Many of you out there have, or are on the cusp of purchasing, an Electronic Health Record (EHR) for your agency.
How many of you have thought about what change management approach you should be using while implementing your new EHR?
For those of you out there “in-the-know”, you might think, “overkill”?
There is a direct correlation between successful implementations and your management’s ability to develop a plan for change.
Change management simply refers to having an approach to transitioning an organization to a desired end goal. The end goal here is implementing an EHR.
The implementation of a new documentation system isn’t accomplished with management merely sending out a memo advising that “We have purchased an EHR; here is some training. We should be up and using this new software in the next few months.”
An agency Director recently shared just how unprepared they were, and how this process of changing the way you document affects every level of care, from a client walking in the door, to discharging a client from services.
As you might be gathering, the transition to a new documentation system can either go well or not well at all. You may even ask, “So what if the implementation doesn’t go well?”
An implementation that doesn’t go well could mean months to years of direct impact on your agency as you struggle to regain staff buy-in, retrain users, the loss of forward momentum with the change and returning to your pre-implementation service ability and speed.
And this equals loss of revenue.
What do you need to do to be successful? Simple! Be prepared to implement these three vital components to change: Align, Assimilate, Apply.
Aligning is the act of engagement and setting expectations.
Upper management’s role is to set the stage as to why this change needs to occur and answer the users’ question of, “What’s in it for me?” Having an open line of communication with management throughout the process is vital.
Assimilation is when the actual active learning takes place.

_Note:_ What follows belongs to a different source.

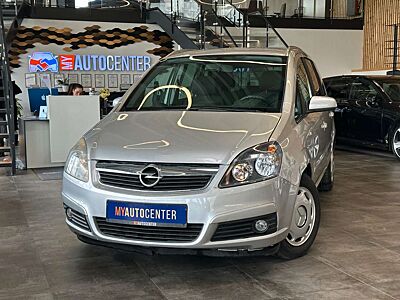 Opel Zafira *7 Sitzer*KomfortPaket*Tempo*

Care should be taken to employ a variety of techniques to engage the learner with use of case studies and simulations, to name a few.
The application of knowledge holds a certain level of accountability.
We want to see results and a behavior change.
In order to see that behavior change, we need to create some accountability.
It is the responsibility of the user’s most direct supervisor to seek out accountability by:
- Setting up foals
- Carrying out follow-through coaching
- Undertaking chart audits
- Conducting peer chart reviews
- Celebrating small successes
Research shows that having a great message phase (align) and follow-through phase (apply) is a better indicator of success than the actual training phase (assimilate) itself.
What this means is that Directors will and should be involved from the beginning, setting the tone and stage for what change they envision.
They need to sell that dream to create buy-in from the staff. But that message is not enough.
Once training has occurred, your users will continue to need support from their supervisors.
Give them the tools to master sustained and lasting change.